In 1925, long before I was born, Severino Reyes—founder and editor of the Tagalog magazine, Liwayway—started writing Kuwento ni Lola Basyang (stories of Grandma Basyang) for the magazine and used Lola Basyang as his pen name.

Lola Basyang is a character similar in form and function to Mother Goose. In his lifetime, Severino, wrote 400 of such stories about kings, love, and enchanted places.

Twenty five years later, Severino’s son, Pedrito, revived the Lola Basyang stories in comic book form, with illustrations by Maning de Leon, Jesus Ramos, and Ruben Yandoc.

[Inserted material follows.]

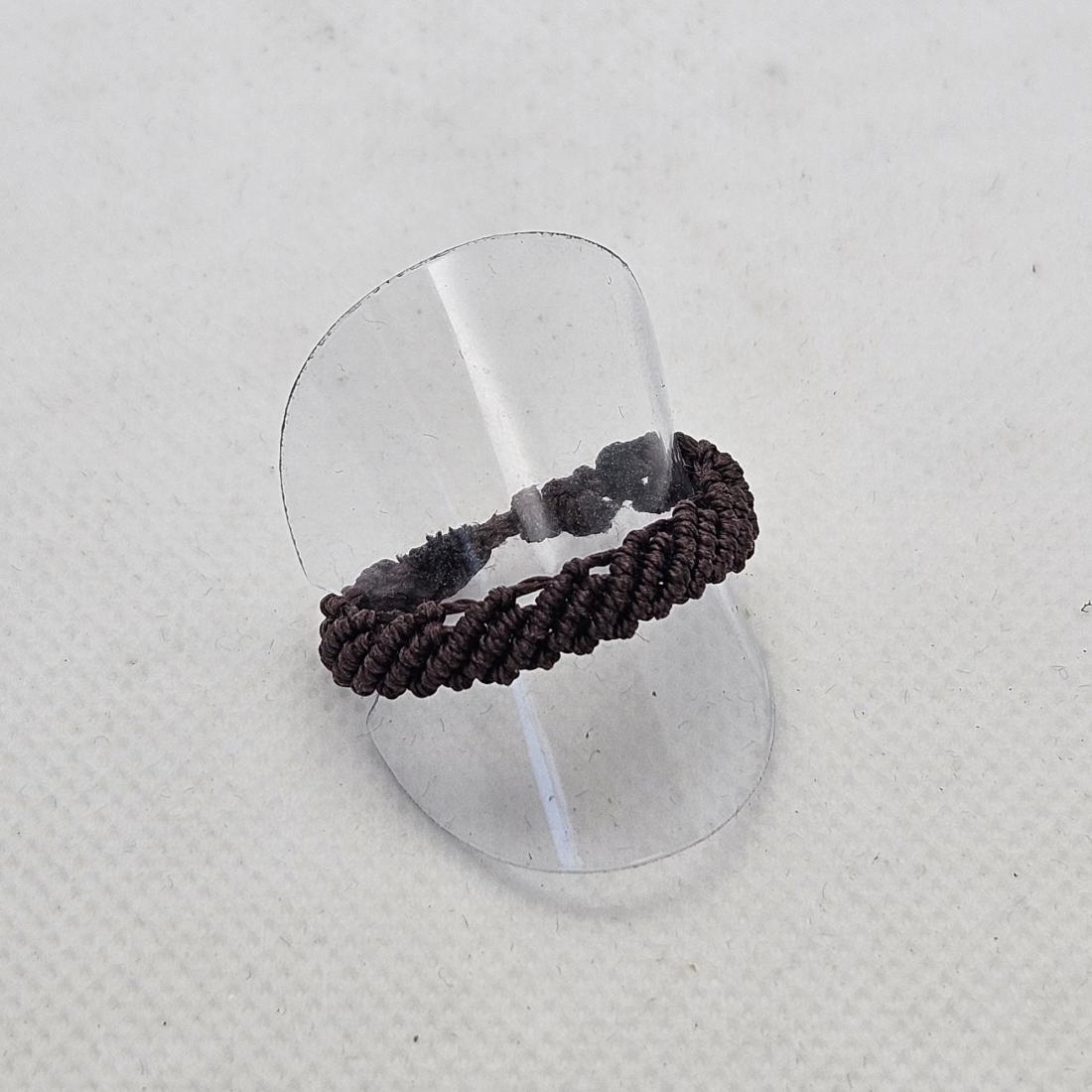 Bague Macramé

For another 25 years, these stories were made into movies that became box-office blockbusters. 

As a little girl, I had my own Lola Basyang—my Lola Cionang, mom of my mom. She would retell some of those stories (re-published in Bannawag magazine, the Ilocano version of Liwayway), embellished with her experiences and punctuated with Christian values. Often, she would tell her own stories, making them up as she went along.

For years, since I started writing children’s stories in the year 2000, when asked what made me begin writing stories for children, I flip-flopped from one answer to another. It varied from “it’s just an accident to it’s fun” because in truth, I didn’t know why. My most common rationale was, “Stories for children is a category in the Palanca Awards which charms me most because it inculcates love for literature and family values among children.”

(My first children’s book won first prize in this writing competition; all my six Palanca awards are for this category.)

But I think I found the real answer when my family spent some time at Las Casas Filipinas de Acuzar, a heritage resort in Bataan this time last year. It is a village of restored Spanish-era houses with cobblestone roads near the beach.

There I came upon Lola Basyang. Serendipity! And memories came flooding back.   
 

It was she, or rather, it was my Lola Cionang’s story-telling prowess that made me fall in love with children’s stories—and now, writing them myself. Why, we’re kindred spirits!

It’s mind-blowing how the grace of childhood leads us to our charmed choices in adulthood.

This Bible verse found in Proverbs 22:6 (KJV) has the words for it, “Train up a child in the way he should go: and when he is old, he will not depart from it.”